Les géants ont beau avoir disparu depuis belle lurette, cela n’empêche pas le narrateur de les côtoyer jour et nuit. Il consulte les poèmes de chevalerie, repère aisément leur présence et se lance dans l’histoire mouvementée qui fut la leur en pensant très fort à une autre histoire, celle qu’il a vécue avec une jeune femme et qui est, elle aussi, terminée.

« C’est fini, comme ont fini à un moment donné les géants, les mammouths, comme finiront bientôt les gorilles du Kilimandjaro, les pandas, la baleine bleue et le tigre de Tasmanie. »

Il compulse les archives, prend des notes, se réserve de temps à autre une balade sur la colline de l’antenne-relais où il lui arrive de surprendre, sous forme de nuages, quelques figures de géants en apesanteur. Rien de ce qui touche à la vie et à la mort de ces colosses, dont la taille moyenne est d’environ huit mètres, ne le laisse indifférent. Il sait qu’ils se déplacent plutôt à pied. Trouver un cheval à leur taille est impossible. L’un d’eux, tentant un jour de chevaucher, en avait d’ailleurs cassé un en deux. Seuls l’éléphant ou la girafe peuvent supporter leur extraordinaire carrure. Les géants s’habillent de ferraille et pèsent souvent très lourds. Ils mangent abondamment. Il ne fait pas bon être buffle et croiser leur chemin. L’animal sera massacré et dévoré illico. De lui, il ne restera rien. Les sabots et la peau seront ingurgités tout comme les os. Les géants détestent le gâchis. Il arrive pourtant qu’ils se battent entre eux en pratiquant le lancer de rôti, la biche cuite au feu de bois leur servant inopinément d'arme. Il y a des géants philosophes, des géants neurasthéniques, des géants mafieux ou encore des géants adeptes du sport.

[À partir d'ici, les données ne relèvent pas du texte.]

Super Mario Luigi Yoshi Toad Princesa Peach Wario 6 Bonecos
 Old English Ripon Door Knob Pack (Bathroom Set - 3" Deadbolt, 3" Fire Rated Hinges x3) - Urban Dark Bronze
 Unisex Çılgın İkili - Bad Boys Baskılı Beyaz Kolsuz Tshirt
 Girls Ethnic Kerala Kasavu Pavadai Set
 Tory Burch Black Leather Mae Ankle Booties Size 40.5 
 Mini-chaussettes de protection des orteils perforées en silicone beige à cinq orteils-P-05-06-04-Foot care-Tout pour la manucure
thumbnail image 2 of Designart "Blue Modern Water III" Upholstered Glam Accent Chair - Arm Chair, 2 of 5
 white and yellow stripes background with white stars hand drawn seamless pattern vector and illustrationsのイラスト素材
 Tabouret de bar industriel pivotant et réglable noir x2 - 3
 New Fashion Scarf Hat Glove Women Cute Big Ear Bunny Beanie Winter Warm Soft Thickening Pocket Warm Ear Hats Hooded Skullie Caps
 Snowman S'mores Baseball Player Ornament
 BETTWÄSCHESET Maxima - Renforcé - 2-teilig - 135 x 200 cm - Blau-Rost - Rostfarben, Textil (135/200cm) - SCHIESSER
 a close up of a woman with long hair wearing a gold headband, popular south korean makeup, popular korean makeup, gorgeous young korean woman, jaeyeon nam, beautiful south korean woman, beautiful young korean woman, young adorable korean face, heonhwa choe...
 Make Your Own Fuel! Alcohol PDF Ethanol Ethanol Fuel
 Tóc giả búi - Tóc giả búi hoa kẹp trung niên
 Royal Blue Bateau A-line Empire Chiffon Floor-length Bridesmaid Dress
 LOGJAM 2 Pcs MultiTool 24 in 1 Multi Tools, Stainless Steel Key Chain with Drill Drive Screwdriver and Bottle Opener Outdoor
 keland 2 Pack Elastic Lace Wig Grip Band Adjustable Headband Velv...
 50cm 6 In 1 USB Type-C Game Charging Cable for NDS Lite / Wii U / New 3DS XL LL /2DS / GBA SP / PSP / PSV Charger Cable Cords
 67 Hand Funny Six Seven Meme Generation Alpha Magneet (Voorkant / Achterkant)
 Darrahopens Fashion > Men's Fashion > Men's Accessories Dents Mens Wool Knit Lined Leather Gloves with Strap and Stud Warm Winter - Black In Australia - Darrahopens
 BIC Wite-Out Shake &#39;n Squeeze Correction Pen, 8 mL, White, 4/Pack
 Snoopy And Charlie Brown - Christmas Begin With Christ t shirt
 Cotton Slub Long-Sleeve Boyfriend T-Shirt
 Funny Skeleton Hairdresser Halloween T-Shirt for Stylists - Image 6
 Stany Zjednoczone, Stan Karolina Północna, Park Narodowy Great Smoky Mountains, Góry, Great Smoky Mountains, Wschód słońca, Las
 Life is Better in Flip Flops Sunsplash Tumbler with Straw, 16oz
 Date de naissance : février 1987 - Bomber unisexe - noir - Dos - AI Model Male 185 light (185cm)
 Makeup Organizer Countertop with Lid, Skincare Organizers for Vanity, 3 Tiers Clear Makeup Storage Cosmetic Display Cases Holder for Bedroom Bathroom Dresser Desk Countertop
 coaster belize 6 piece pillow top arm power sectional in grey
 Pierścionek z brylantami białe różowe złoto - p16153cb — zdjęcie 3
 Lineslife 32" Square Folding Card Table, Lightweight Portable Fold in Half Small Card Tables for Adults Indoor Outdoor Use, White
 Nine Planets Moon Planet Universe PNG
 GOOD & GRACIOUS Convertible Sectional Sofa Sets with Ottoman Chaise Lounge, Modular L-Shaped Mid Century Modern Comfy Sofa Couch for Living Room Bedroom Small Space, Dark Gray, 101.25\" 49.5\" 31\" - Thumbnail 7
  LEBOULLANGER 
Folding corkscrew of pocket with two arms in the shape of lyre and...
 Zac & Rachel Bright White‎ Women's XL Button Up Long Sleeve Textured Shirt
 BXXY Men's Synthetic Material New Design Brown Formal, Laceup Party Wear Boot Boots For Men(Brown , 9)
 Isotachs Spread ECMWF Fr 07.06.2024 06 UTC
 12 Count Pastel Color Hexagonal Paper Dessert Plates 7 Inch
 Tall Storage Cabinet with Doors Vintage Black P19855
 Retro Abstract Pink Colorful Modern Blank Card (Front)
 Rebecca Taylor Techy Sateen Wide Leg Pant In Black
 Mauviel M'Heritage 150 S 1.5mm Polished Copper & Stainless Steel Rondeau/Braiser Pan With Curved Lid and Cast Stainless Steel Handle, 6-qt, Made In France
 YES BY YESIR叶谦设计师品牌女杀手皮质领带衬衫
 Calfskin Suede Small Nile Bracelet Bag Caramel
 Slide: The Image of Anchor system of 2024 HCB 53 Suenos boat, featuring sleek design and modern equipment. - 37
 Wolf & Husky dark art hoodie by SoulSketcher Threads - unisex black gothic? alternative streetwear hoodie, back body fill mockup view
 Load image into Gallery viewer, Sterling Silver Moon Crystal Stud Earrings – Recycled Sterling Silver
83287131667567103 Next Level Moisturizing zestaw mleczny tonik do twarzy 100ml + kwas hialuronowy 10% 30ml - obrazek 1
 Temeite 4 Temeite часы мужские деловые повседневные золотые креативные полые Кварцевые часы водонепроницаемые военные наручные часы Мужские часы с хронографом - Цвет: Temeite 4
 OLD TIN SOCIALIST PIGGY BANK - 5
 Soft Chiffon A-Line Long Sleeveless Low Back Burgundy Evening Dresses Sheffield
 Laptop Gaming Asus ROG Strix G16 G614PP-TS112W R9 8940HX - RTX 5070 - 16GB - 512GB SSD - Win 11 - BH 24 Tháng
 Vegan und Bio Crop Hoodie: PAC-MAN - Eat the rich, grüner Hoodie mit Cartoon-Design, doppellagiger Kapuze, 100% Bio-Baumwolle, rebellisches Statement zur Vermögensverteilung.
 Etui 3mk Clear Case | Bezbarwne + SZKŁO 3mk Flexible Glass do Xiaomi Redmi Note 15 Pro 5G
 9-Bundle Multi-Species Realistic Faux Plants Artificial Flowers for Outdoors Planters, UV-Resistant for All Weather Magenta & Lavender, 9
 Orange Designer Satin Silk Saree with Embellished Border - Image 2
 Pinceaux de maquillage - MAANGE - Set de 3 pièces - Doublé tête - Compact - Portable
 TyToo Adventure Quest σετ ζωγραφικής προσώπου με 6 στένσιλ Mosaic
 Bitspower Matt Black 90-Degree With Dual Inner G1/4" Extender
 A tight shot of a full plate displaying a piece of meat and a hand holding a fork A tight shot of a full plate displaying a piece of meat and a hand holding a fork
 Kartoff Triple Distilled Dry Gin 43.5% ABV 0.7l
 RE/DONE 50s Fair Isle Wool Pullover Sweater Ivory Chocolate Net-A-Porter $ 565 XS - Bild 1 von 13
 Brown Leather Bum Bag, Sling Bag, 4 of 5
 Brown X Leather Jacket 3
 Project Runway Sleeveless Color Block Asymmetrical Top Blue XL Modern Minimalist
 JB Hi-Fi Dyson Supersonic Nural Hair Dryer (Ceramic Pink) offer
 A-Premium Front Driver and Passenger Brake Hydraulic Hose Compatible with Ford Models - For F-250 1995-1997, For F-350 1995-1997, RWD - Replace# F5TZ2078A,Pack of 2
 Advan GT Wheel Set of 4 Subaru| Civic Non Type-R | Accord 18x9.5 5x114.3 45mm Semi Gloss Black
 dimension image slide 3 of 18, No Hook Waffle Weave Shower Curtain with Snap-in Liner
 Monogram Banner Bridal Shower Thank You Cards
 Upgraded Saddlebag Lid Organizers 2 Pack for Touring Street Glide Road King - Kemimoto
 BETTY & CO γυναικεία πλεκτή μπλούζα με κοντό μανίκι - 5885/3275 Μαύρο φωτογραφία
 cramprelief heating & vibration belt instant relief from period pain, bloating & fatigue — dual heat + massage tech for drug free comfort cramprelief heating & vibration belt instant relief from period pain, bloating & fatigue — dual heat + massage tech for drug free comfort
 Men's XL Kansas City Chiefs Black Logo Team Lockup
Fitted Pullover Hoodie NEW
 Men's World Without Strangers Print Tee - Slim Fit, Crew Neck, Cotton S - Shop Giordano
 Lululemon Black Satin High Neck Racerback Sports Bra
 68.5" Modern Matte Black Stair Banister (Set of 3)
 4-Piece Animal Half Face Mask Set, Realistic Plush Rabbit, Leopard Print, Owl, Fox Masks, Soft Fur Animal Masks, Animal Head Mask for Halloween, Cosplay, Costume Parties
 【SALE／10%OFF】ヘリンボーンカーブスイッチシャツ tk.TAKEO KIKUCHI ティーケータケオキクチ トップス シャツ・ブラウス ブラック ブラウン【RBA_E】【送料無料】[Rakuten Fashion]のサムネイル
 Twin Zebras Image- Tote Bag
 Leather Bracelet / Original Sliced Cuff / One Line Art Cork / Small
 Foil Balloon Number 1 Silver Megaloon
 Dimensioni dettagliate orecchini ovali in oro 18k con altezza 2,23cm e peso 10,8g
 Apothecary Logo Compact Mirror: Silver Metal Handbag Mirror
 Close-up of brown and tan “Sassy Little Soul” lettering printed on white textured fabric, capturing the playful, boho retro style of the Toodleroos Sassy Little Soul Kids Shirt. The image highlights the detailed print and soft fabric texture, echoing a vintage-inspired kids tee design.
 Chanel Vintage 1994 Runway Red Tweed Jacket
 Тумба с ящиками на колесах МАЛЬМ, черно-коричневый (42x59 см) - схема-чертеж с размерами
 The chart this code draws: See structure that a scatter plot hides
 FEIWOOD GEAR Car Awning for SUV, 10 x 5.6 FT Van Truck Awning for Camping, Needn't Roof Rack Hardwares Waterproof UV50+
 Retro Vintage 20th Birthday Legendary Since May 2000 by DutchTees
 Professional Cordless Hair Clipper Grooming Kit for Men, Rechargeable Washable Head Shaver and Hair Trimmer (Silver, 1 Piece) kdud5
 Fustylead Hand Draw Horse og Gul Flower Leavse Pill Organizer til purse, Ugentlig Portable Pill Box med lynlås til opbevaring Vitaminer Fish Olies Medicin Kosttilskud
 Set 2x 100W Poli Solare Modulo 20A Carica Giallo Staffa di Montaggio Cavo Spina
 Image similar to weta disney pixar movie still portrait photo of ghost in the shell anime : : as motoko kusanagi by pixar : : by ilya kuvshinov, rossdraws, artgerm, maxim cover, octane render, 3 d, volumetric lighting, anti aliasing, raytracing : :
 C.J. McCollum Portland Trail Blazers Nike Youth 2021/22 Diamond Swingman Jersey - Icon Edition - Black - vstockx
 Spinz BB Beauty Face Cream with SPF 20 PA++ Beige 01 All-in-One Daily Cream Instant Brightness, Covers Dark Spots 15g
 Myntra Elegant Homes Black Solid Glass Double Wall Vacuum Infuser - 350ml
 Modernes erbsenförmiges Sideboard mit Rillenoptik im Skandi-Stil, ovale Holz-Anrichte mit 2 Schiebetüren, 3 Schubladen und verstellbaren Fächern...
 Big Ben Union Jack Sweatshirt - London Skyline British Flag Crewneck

« Le sport préféré de certains géants est le jet de pierres sur les édifices religieux. Juchés sur les collines à proximité des églises et des abbayes, ils ne regardent pas si elles tombent sur l’abbé ou sur un moine plongé dans ses prières. »

Ses connaissances, le narrateur les doit à ses lectures. Il s’est plongé dans les poèmes épiques. Il a longuement suivi Pulci (1432-1484), l’auteur (admiré par Rabelais) de l’épopée burlesque de Morgant le géant, qui fut l’écuyer de Roland le preux jusqu’à sa mort à Ronceveaux en 778. Il a bien sûr également lu le Roland amoureux de Boiardo (1441-1494) et le Roland furieux de l’Arioste (1474-1533), s’est délecté des aventures des chevaliers d’Arthur réunis autour de La Table ronde et a dévoré bien d’autres ouvrages.

« J’ai lu Renaud de Montauban, ample, instructif et complet, dépeignant Renaud comme un révolté impénitent, et Charlemagne un roi colérique et malade du foie gouverné par ses épanchements de bile au lieu de chercher la paix et à accroître son empire. »

Bayard, le cheval de Renaud, galope dans quelques unes de ces pages. Il appartient aux personnages légendaires issus de la littérature médiévale qui ont, si l’on en croit celui qui s’exprime ici, réellement existé. Il pense à peu près la même chose des extraterrestres et n’a qu’un souhait : que tous ceux qui courtisent celle qu’il n’a jamais cessé d’aimer – et à qui il dédie son livre – soient rapidement enlevés de terre afin de devenir, là-haut, sujets d’étude pour scientifiques interplanétaires.

Avec Les Géants, Ermanno Cavazzoni (qui a déjà publié Les Idiots et Les Écrivains inutiles chez Attila) rend un bel hommage au roman de chevalerie et à ses initiateurs qui ont fondé la littérature européenne. Il le fait en mêlant érudition et sens appuyé du burlesque, en revisitant les légendes et en multipliant des galeries de portraits qui font tomber de leur piédestal nombre de héros.
« La traque impitoyable dont ont été victimes les géants peut expliquer leur extinction ; mais selon moi, ça vient surtout de leur système reproductif mal ajusté et de leur activité sexuelle inadéquate. »

Ermanno Cavazzoni : Les Géants, traduit de l’italien par Monique Bacelli, Le Nouvel Attila.